• **Given information**:
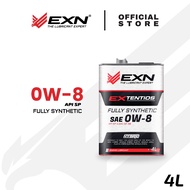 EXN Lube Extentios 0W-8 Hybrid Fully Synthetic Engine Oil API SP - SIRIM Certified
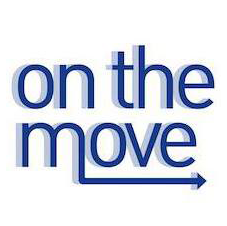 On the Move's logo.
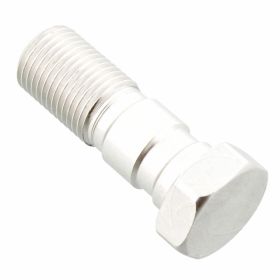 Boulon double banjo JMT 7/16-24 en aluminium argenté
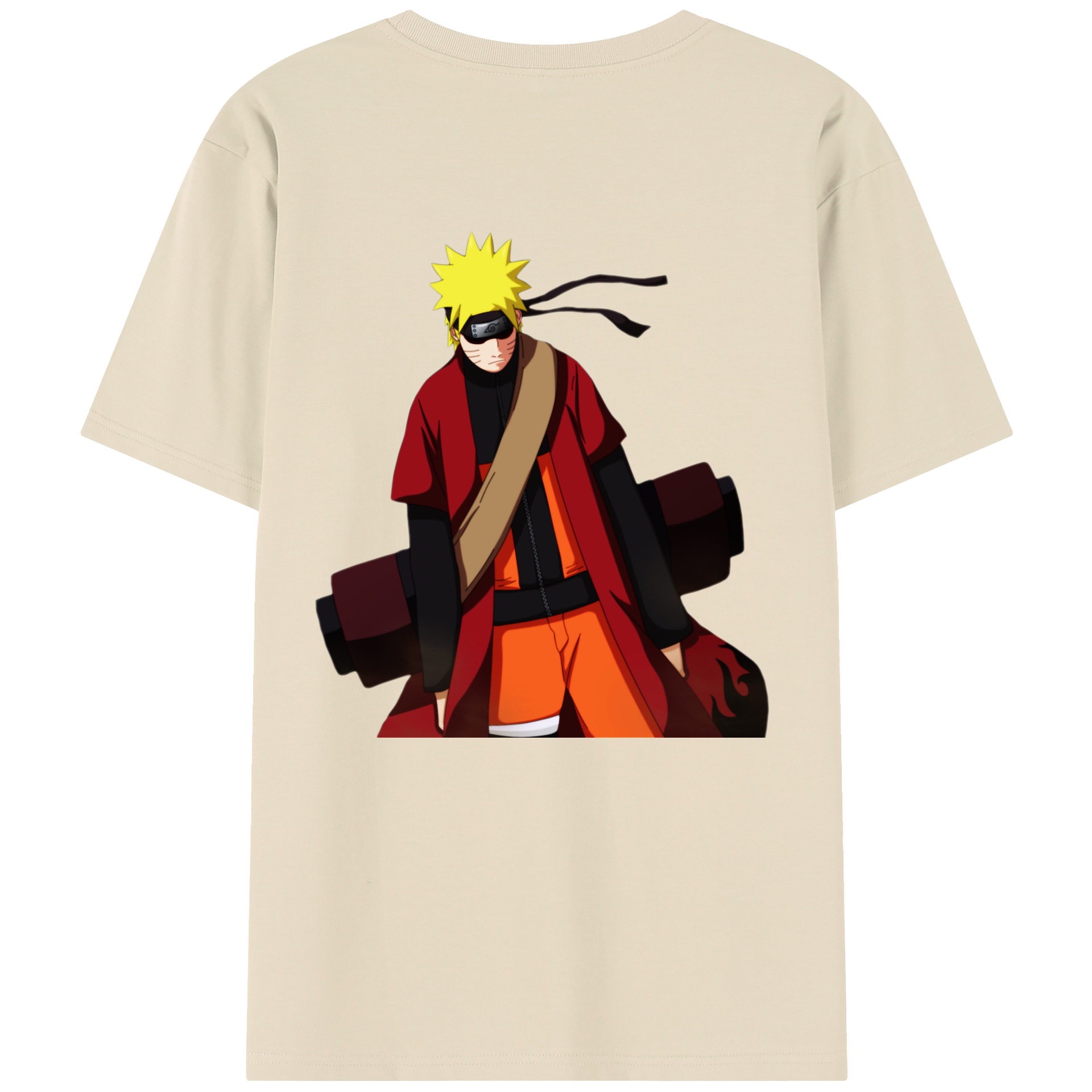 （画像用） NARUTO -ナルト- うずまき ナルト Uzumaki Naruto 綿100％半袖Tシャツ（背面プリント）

--

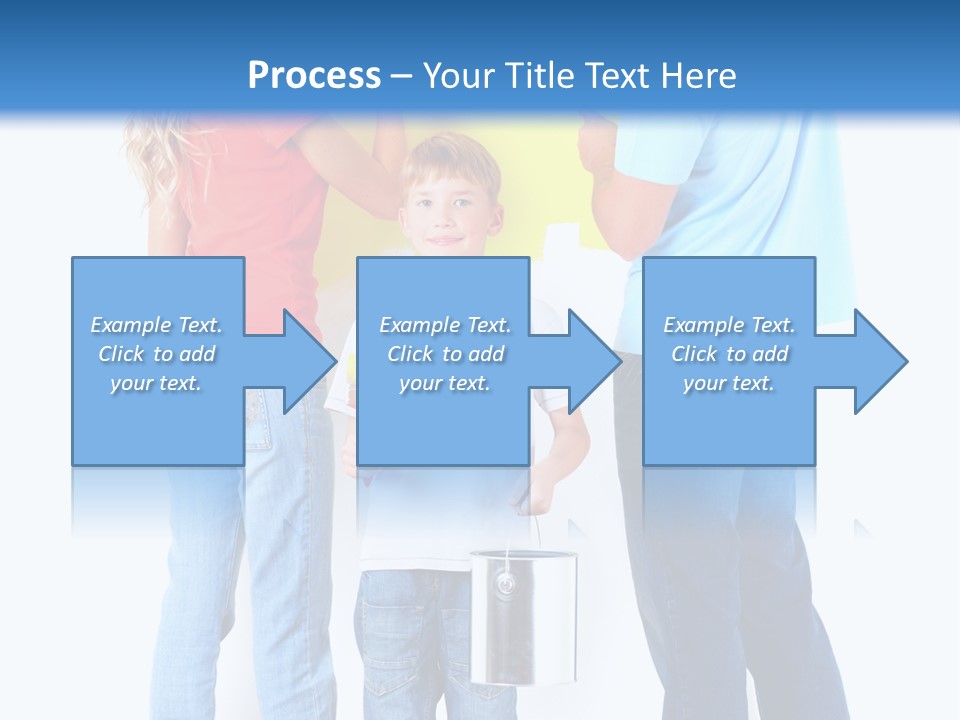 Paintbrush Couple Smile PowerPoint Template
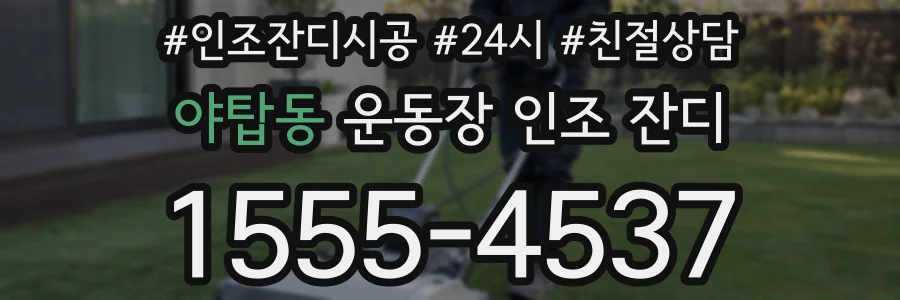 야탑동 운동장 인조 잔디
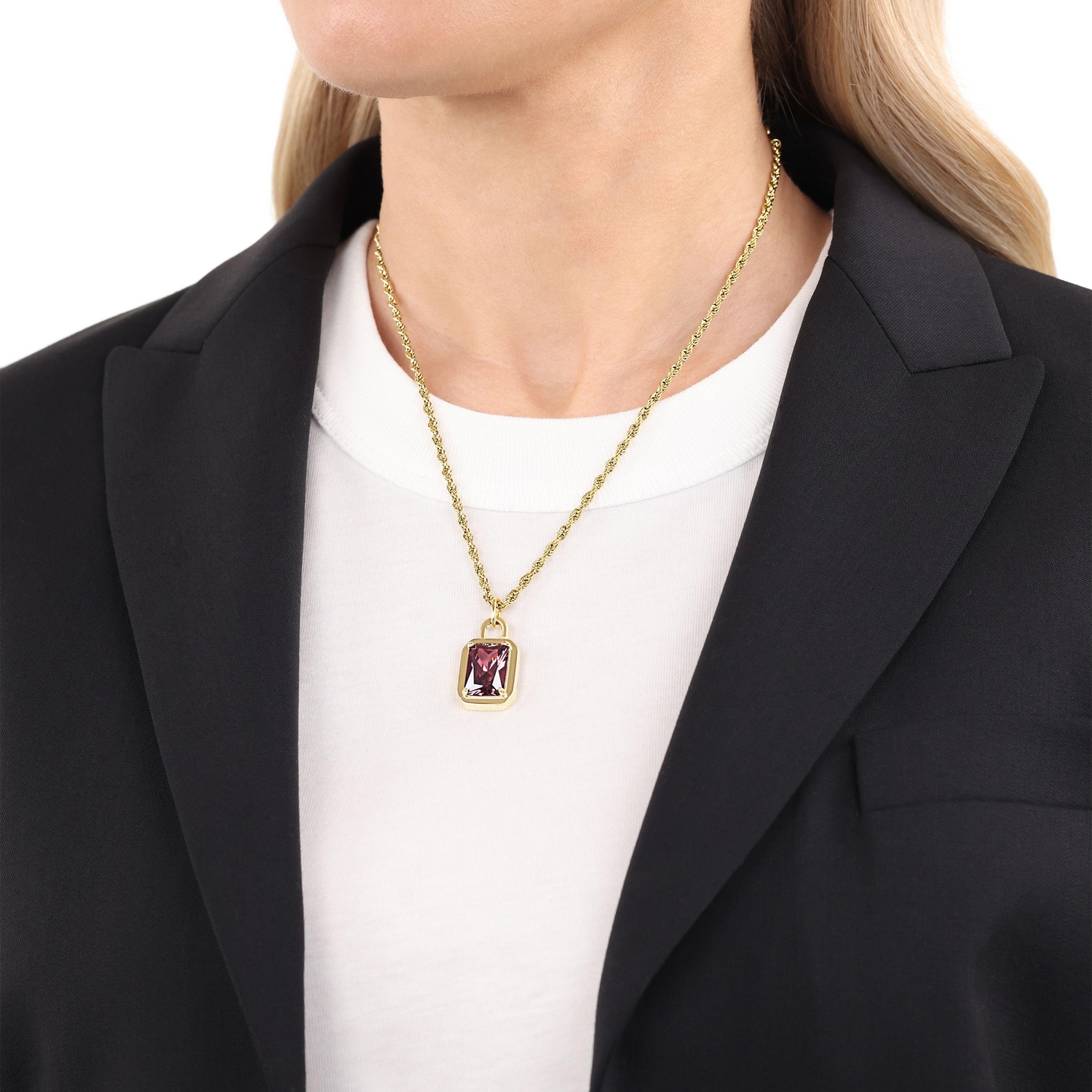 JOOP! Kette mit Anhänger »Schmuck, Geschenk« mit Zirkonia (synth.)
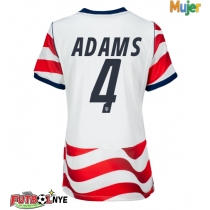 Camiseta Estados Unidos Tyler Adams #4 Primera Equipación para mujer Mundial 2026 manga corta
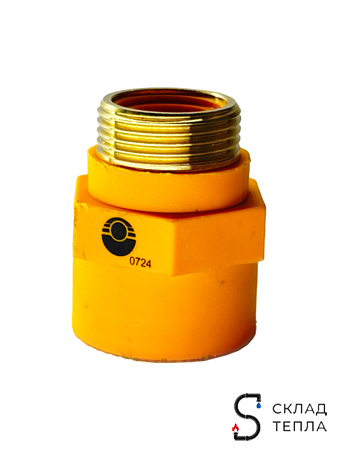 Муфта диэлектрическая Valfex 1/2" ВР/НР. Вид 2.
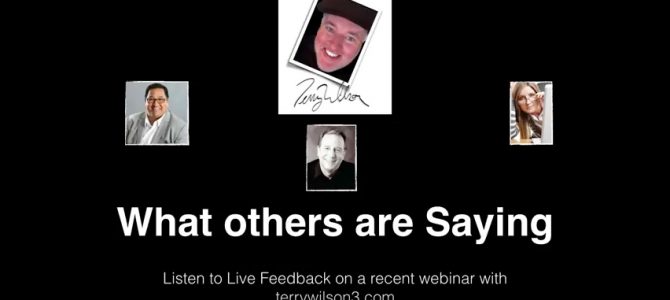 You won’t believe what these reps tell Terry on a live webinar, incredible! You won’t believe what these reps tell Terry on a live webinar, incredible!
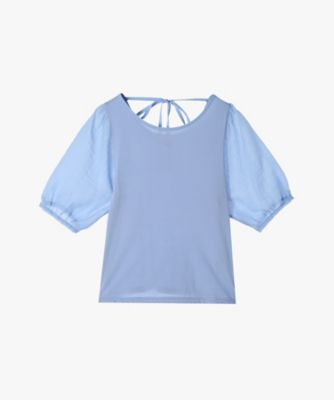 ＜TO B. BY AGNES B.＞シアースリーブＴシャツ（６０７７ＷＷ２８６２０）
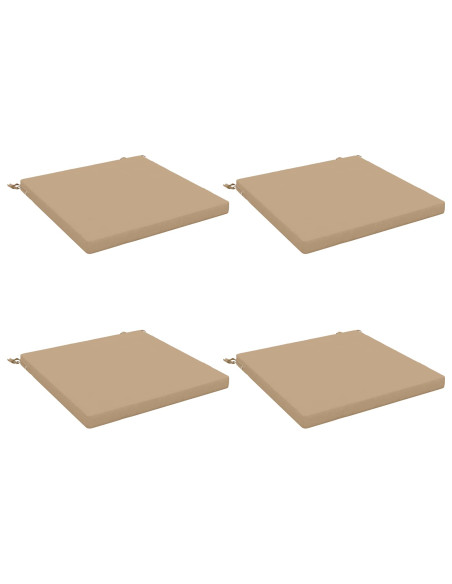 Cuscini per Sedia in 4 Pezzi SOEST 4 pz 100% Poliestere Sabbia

• **Problem requirements**: The output is the stretch above from the line with "On the Move's logo." through the line with "Uzumaki Naruto 綿100％半袖Tシャツ（背面プリント）", copied word for word with both ends kept and every picture dropped.

• **Exercise solution**:
 On the Move's logo.
 Boulon double banjo JMT 7/16-24 en aluminium argenté
 （画像用） NARUTO -ナルト- うずまき ナルト Uzumaki Naruto 綿100％半袖Tシャツ（背面プリント）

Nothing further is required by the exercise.